__What is required__.
Leave the pictures out, and transcribe the material below exactly from the line with "Pacific from Golden Gate" to the line with "Men shoes-Loewe Code: QS4495 $: 129USD", both lines included.
[Dataset content]
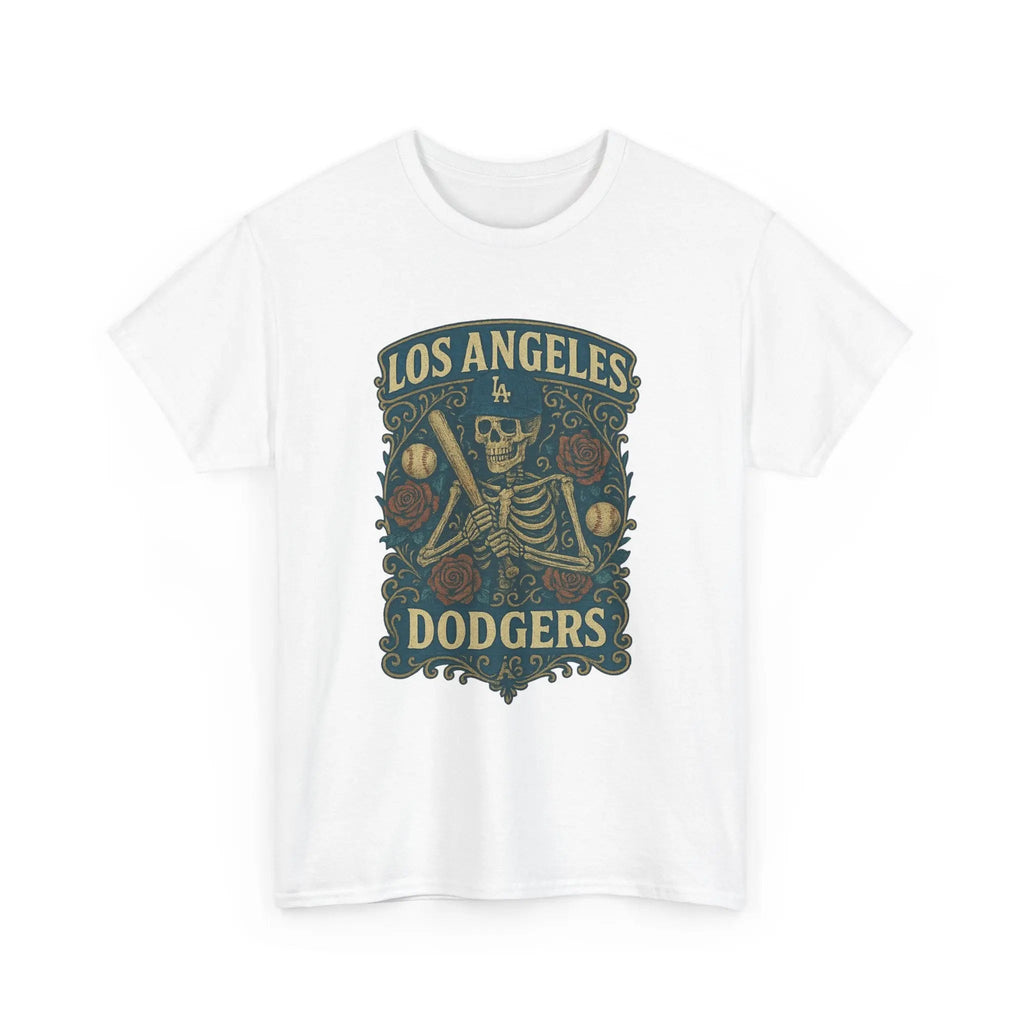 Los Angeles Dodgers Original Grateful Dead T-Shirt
[/Dataset content]
[Dataset content]
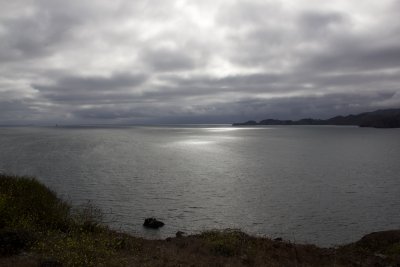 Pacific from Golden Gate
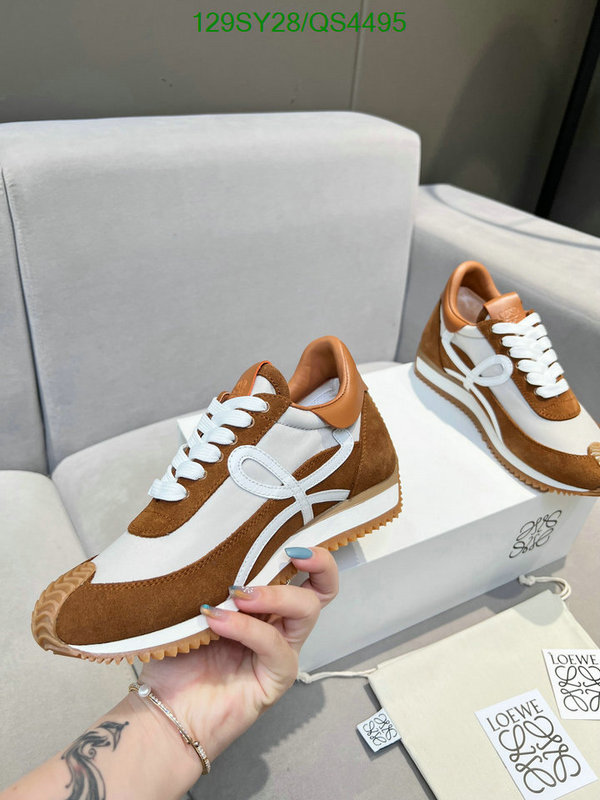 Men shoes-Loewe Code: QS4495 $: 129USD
[/Dataset content]
[Dataset content]
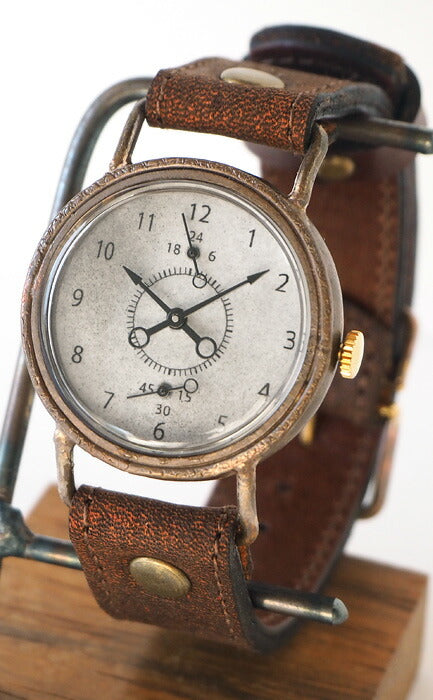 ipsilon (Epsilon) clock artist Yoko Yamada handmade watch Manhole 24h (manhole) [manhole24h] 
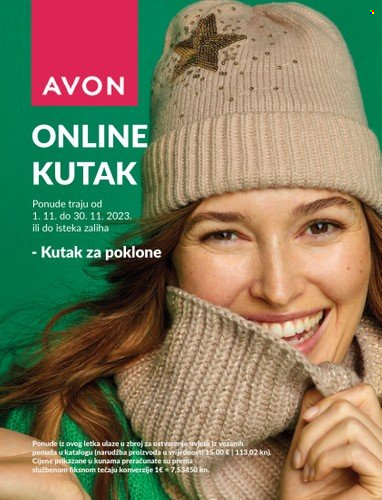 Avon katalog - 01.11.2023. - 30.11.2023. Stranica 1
[/Dataset content]
__Answer to this problem__.
 Pacific from Golden Gate
 Men shoes-Loewe Code: QS4495 $: 129USD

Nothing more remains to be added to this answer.